Jumat, 08 Januari 2016

Pembinaan Pada kelompok Bakit Sejahtera Pembudidaya Ikan Kerapu di KJA



  • Memberikan arahan ataupun berdiskusi dengan pelaku utama budidaya ikan kerapu cantik di KJA
  • Mensosialisasikan kepada pembudidaya akan pentingnya pemberrian pakan secara teratur
  • Mensosialisasikan kepada pembudidaya akan pentingnya secara periodik memandikan/ merendam ikan kerapu dengan air tawar dimana hal ini bertujuan agar ikan kerapu terhindar dari serangan penyakit
  • Mendapat keluhan/ masukan dari pelaku utama tentang kendala kekurangan benih ikan kerapu karena masih banyak KJA yang kosong belum terisi benih


Jumat, 18 Desember 2015

BUDIDAYA IKAN NILA METODE KARAMBA JARING TANCAP DI KOLONG BEKAS GALIAN TIMAH

Provinsi Kepulauan Bangka Belitung adalah sebuah provinsi di Indonesia yang terdiri dari dua pulau utama, yaitu pulau Bangka dan pulau Belitung serta di kelilingi pulau-pulau kecil seperti pulau Lepar, pulau Selat Nasik, pulau Pongok dan pulau-pulau lainnya. Wilayah provinsi Kepulauan Bangka Belitung terbagi menjadi wilayah Daratan dan Wilayah Lautan dengan Total wilayah mencapai 81,725,14 km. Luas daratan lebih kurang 16,424,14 Km atau 20,10 persen dari total wilayah dan luas laut kurang lebih 65,301 Km atau 79,9 persen dari total wilayah Provinsi Kepulauan Bangka Belitung.

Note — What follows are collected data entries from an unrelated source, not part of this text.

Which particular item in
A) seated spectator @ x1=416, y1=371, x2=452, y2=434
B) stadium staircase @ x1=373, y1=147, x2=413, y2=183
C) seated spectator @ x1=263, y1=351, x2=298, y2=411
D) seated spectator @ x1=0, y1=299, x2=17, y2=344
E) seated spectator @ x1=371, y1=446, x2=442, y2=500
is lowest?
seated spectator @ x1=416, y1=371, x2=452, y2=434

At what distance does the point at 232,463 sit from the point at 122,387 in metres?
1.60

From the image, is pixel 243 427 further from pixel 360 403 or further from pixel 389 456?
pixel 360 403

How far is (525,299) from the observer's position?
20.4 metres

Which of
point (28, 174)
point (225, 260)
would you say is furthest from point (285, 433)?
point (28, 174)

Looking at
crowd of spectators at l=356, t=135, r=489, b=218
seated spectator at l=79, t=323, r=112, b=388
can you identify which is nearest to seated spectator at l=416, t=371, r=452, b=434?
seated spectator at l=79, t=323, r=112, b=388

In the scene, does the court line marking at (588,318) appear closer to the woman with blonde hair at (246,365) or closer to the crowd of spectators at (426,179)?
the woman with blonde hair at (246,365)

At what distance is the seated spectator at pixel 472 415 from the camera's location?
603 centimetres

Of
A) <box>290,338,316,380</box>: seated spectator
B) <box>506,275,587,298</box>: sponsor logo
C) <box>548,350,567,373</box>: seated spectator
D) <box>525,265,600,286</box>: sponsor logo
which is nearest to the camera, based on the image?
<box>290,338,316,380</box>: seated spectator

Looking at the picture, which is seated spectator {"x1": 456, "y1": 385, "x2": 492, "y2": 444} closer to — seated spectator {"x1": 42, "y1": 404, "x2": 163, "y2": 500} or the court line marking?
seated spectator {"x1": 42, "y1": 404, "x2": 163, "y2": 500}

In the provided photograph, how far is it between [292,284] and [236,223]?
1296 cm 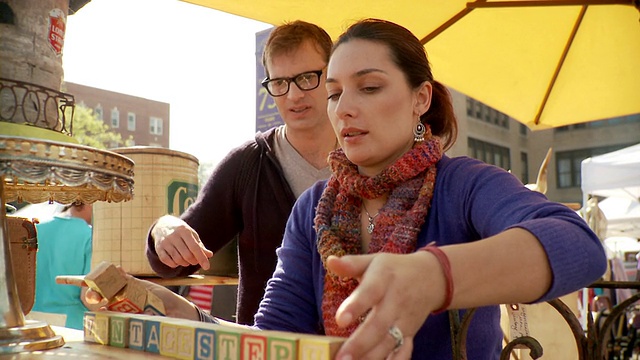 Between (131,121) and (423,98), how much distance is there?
139 feet

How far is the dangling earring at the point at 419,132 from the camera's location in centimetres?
155

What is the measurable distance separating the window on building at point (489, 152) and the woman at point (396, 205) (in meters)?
24.1

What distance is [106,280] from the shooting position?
1370 mm

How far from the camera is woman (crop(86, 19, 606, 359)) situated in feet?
3.49

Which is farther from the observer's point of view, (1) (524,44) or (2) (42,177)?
(1) (524,44)

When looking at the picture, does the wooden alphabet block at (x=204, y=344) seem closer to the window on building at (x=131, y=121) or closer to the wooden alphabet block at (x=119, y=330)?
the wooden alphabet block at (x=119, y=330)

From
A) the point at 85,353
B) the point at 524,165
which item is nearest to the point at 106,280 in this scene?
the point at 85,353

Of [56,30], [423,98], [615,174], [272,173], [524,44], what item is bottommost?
[272,173]

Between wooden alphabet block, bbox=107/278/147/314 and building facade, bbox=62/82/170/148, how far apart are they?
38.6 meters

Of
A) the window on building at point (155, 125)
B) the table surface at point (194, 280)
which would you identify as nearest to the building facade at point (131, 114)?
the window on building at point (155, 125)

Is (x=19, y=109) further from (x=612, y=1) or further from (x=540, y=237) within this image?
(x=612, y=1)

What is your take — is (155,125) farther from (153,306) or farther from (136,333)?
(136,333)

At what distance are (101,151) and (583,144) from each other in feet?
105

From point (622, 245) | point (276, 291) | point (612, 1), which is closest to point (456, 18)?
point (612, 1) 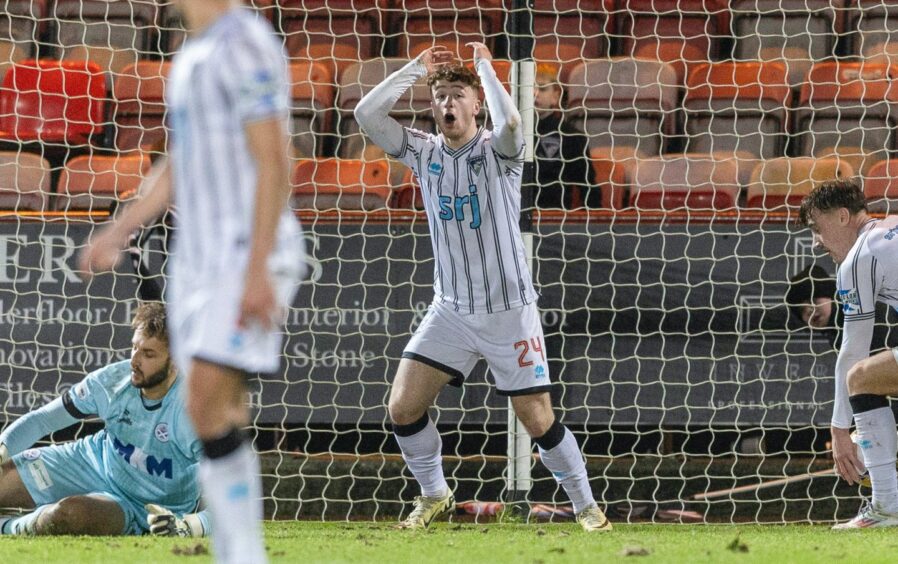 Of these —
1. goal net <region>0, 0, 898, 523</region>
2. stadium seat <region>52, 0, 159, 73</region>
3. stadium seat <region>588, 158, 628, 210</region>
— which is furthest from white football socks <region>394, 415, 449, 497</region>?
stadium seat <region>52, 0, 159, 73</region>

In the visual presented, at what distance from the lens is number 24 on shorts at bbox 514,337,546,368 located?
4.94 m

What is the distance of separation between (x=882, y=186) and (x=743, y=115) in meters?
0.95

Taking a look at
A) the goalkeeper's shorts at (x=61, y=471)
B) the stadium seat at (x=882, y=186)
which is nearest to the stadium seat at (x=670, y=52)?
the stadium seat at (x=882, y=186)

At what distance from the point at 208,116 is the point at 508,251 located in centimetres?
252

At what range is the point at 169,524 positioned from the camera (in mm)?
4617

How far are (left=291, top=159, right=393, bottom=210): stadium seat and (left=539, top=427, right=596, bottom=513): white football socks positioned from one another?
197 cm

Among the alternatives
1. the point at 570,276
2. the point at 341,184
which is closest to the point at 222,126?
the point at 570,276

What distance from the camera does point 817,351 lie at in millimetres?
6059

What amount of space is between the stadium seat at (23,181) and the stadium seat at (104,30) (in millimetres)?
1204

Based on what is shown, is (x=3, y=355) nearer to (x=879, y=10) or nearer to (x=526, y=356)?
(x=526, y=356)

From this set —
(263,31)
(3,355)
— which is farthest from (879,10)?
(263,31)

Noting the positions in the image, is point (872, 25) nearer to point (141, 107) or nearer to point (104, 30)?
point (141, 107)

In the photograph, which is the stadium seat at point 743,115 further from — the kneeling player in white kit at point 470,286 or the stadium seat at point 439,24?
the kneeling player in white kit at point 470,286

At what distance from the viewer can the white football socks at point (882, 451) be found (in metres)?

Provinsi yang mulai dikenal banyak orang sejak difilmkannya “Laskar Pelangi” oleh Andrea Hirata ini merupakan daerah yang sebagian besar masyarakatnya menggantungkan diri pada hasil pertambangan, terutama pertambangan timah. Secara turun temurun masyarakat Bangka Belitung menjadikan tambang timah sebagai mata pencahariannya. Penambangan timah ini sudah ada sejak zaman dahulu dan semakin intensif terjadi disaat Indonesia dijajah oleh Belanda.

Penambangan timah yang terjadi di Bangka Belitung ada yang dilakukan secara intensif dengan teknologi yang modern utamanya oleh perusahaan besar, baik itu pemerintah ataupun swasta serta juga dilakukan oleh masyarakat dengan cara tradisional atau konvensional. Penambangan timah yang intensif di Pulau Bangka maupun Belitung telah menyisakan fenomena yang menarik, yaitu terbentuknya lubang bekas galian tambang yang berisi air menyerupai danau-danau kecil yaang disebut “kolong”.

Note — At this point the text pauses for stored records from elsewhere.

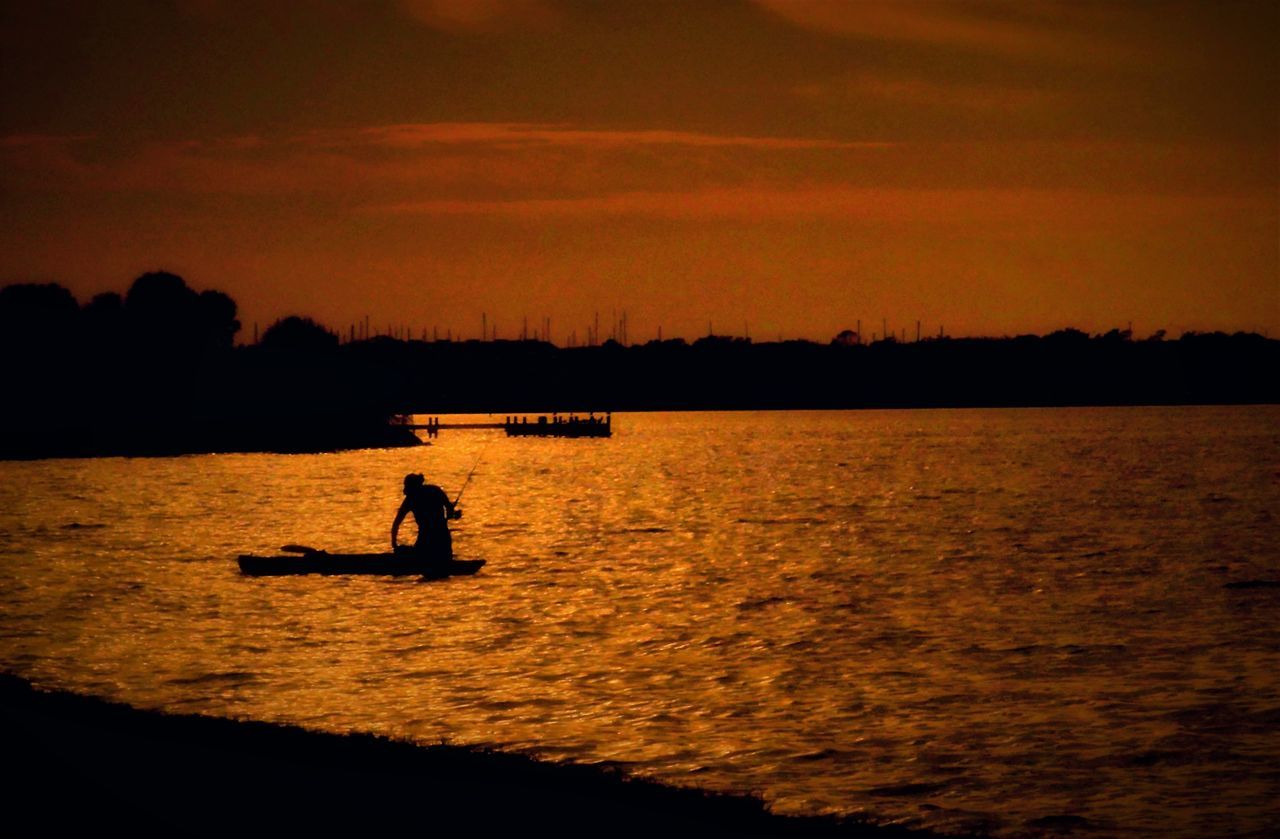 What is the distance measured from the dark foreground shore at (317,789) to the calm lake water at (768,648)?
4.35 meters

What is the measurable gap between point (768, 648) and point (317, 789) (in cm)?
1951

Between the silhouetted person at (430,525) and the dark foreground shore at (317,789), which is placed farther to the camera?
the silhouetted person at (430,525)

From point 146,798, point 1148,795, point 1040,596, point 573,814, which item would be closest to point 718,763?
point 1148,795

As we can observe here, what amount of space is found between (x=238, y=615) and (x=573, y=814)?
2547 cm

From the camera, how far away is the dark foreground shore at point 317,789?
1190 cm

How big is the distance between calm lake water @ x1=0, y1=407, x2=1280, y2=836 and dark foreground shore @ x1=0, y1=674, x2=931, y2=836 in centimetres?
435

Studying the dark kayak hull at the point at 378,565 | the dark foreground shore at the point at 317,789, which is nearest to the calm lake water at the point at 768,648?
the dark kayak hull at the point at 378,565

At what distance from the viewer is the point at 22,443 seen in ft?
523

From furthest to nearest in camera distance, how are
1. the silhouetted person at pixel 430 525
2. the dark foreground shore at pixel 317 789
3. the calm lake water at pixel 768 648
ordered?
the silhouetted person at pixel 430 525
the calm lake water at pixel 768 648
the dark foreground shore at pixel 317 789

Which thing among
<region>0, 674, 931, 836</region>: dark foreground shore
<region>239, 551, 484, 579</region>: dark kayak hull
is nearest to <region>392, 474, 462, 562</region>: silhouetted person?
<region>239, 551, 484, 579</region>: dark kayak hull

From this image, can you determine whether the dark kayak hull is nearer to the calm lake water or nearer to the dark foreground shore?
the calm lake water

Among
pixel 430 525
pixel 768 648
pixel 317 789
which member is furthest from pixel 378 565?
pixel 317 789

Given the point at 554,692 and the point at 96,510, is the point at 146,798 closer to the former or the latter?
the point at 554,692

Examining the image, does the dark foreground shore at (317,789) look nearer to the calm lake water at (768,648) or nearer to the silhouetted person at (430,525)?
the calm lake water at (768,648) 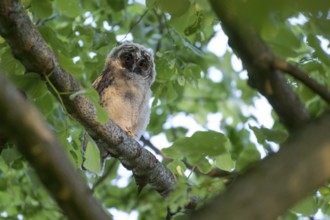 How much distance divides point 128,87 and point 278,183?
5232 millimetres

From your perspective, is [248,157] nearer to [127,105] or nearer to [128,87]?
[127,105]

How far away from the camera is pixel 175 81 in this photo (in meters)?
4.84

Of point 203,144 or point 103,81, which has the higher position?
point 103,81

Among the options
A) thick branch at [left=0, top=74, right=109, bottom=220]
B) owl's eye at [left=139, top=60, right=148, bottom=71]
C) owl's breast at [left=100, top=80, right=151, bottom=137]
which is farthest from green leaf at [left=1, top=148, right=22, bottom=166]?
owl's eye at [left=139, top=60, right=148, bottom=71]

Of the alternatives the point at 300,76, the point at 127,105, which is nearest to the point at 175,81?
the point at 127,105

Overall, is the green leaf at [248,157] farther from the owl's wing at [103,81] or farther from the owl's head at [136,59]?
the owl's head at [136,59]

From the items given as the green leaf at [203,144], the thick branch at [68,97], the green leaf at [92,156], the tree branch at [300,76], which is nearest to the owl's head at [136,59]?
the thick branch at [68,97]

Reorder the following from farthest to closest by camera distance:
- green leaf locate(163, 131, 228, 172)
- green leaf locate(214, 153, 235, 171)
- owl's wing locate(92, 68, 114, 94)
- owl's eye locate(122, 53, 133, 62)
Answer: owl's eye locate(122, 53, 133, 62), owl's wing locate(92, 68, 114, 94), green leaf locate(214, 153, 235, 171), green leaf locate(163, 131, 228, 172)

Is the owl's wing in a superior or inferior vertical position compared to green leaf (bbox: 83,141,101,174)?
superior

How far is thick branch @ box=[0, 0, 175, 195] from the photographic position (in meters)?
2.56

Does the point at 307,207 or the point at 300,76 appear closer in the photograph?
the point at 300,76

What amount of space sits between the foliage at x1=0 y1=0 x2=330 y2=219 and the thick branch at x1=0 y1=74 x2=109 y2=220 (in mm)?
612

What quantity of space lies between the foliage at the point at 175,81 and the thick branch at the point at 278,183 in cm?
34

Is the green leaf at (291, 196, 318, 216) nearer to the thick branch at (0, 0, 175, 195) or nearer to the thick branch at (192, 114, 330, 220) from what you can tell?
the thick branch at (0, 0, 175, 195) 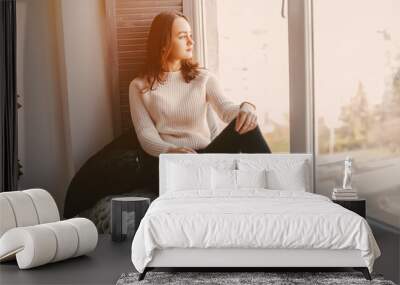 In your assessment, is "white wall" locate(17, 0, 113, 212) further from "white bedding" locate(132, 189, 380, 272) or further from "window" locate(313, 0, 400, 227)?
"white bedding" locate(132, 189, 380, 272)

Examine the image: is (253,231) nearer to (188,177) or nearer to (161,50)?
(188,177)

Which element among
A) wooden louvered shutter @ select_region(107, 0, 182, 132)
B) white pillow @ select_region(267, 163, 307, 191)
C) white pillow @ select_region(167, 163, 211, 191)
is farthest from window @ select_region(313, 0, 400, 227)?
wooden louvered shutter @ select_region(107, 0, 182, 132)

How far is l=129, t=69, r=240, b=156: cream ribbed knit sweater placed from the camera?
24.5 feet

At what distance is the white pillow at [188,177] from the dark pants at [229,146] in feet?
2.14

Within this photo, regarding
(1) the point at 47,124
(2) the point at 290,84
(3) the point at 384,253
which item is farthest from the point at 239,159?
(1) the point at 47,124

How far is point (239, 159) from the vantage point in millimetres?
7035

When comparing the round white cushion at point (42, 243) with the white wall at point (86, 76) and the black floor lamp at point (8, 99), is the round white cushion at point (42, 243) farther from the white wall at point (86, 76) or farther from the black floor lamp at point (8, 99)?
the white wall at point (86, 76)

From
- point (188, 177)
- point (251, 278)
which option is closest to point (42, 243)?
point (251, 278)

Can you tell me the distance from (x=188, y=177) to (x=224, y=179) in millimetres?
368

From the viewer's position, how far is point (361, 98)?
7.27 m

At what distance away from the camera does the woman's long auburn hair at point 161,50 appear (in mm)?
7500

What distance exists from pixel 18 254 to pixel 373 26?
13.3 feet

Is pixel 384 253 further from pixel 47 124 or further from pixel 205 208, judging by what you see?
pixel 47 124

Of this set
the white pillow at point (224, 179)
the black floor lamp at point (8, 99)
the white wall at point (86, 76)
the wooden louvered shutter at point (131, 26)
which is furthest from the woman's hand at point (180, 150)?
the black floor lamp at point (8, 99)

Kolong umumnya mempunyai air yang bersifat asam tergantung dari tipe mineral dominan di area tambang tersebut, serta juga mengandung logam-logam terlarut yang tidak dapat dimanfaatkan dalam kurun waktu yang cukup panjang. Sumber air kolong bisa berasal dari mata air, air sungai maupun air hujan. Kolong bekas tambang merupakan habitat yang unik karena umumnya sempit dan dalam serta tanpa zona littoral yang dikelilingi oleh dinding batuan yang terjal/curam dan biasanya tidak terdapat aliran air masuk dan/atau air keluar.

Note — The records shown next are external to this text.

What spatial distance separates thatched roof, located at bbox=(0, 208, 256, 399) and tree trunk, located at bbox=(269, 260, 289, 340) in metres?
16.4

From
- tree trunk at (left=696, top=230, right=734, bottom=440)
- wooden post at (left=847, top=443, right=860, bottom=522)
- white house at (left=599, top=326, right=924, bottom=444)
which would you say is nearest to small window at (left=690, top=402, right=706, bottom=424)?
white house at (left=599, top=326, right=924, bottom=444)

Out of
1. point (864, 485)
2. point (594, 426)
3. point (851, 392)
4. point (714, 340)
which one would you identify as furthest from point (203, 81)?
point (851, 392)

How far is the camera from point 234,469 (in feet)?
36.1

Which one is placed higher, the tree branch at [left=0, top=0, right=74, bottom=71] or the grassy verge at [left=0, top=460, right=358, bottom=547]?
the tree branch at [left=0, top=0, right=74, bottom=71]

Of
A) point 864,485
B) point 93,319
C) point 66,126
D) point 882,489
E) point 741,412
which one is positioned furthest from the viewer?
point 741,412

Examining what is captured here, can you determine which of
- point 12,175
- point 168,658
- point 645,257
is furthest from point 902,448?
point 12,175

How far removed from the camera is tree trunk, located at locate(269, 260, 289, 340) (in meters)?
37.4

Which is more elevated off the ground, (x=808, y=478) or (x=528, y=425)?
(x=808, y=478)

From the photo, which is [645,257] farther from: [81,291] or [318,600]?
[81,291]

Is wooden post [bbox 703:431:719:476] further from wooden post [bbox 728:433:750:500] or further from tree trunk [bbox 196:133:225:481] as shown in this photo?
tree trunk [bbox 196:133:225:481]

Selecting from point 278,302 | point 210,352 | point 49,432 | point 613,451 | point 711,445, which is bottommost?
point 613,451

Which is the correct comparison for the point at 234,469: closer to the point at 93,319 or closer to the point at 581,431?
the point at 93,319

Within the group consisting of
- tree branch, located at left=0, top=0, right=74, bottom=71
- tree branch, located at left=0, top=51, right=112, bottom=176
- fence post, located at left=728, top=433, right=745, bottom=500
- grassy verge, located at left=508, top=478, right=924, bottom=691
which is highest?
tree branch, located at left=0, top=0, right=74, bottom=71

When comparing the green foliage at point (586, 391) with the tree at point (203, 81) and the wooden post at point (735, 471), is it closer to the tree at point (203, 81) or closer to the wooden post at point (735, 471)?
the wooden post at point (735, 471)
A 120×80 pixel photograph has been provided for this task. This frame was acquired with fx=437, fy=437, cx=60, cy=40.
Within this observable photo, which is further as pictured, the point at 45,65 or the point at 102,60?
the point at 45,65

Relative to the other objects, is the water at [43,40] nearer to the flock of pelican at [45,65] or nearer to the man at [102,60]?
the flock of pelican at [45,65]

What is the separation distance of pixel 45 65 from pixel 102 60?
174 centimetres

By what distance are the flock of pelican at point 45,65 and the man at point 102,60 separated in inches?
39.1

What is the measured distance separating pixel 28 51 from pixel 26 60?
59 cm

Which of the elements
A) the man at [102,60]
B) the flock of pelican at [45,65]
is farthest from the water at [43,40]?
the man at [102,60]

Namun perairan kolong merupakan perairan yang memiliki kondisi berbeda dengan perairan umum lainnya seperti waduk, danau dan sungai. Hal ini menjadikan kolong membutuhkan perlakuan yang lebih special (spesifik). Kualitas air kolong yang tentunya berbeda dengan perairan umum lain dan setidaknya pernah mengalami kondisi terburuk saat penambangan timah. Logam berat dan tingkat keasaman menjadi kendala diantara kendala-kendala lainnya. Kondisi tersebut menjadikan kegiatan budidaya ikan lebih terfokus pada kolong-kolong tua yang memiliki kualitas air yang lebih baik dibandingkan dengan kolong-kolong yang berusia muda.


Masyarakat sekitar kolong ada yang memanfaatkan areal pinggiran kolong yang landai dan tidak terlalu dalam untuk budidaya ikan, salah satunya dengan menggunakan karamba jaring tancap (KJT). ikan yang di budidayakan bisa berupa ikan lele, ikan nila, ikan mujair, ikan mas, ikan gurame dan ikan air tawar lainnya.
Keramba Jaring Tancap (KJT) merupakan jaring kantong berbentuk persegi yang dipasang pada kerangka bambu atau kayu yang ditancap pada dasar perairan. Pasangan kayu/ bambu ditancap rapat, seperti pagar, atau hanya dipasang di bagian sudut kantong jaring. Ikan yang dapat dibudidayakan dengan teknik karamba jaring tancap yaitu ikan mas, nila, patin, lele, bawal, betutu dan jenis ikan air tawar lainnya.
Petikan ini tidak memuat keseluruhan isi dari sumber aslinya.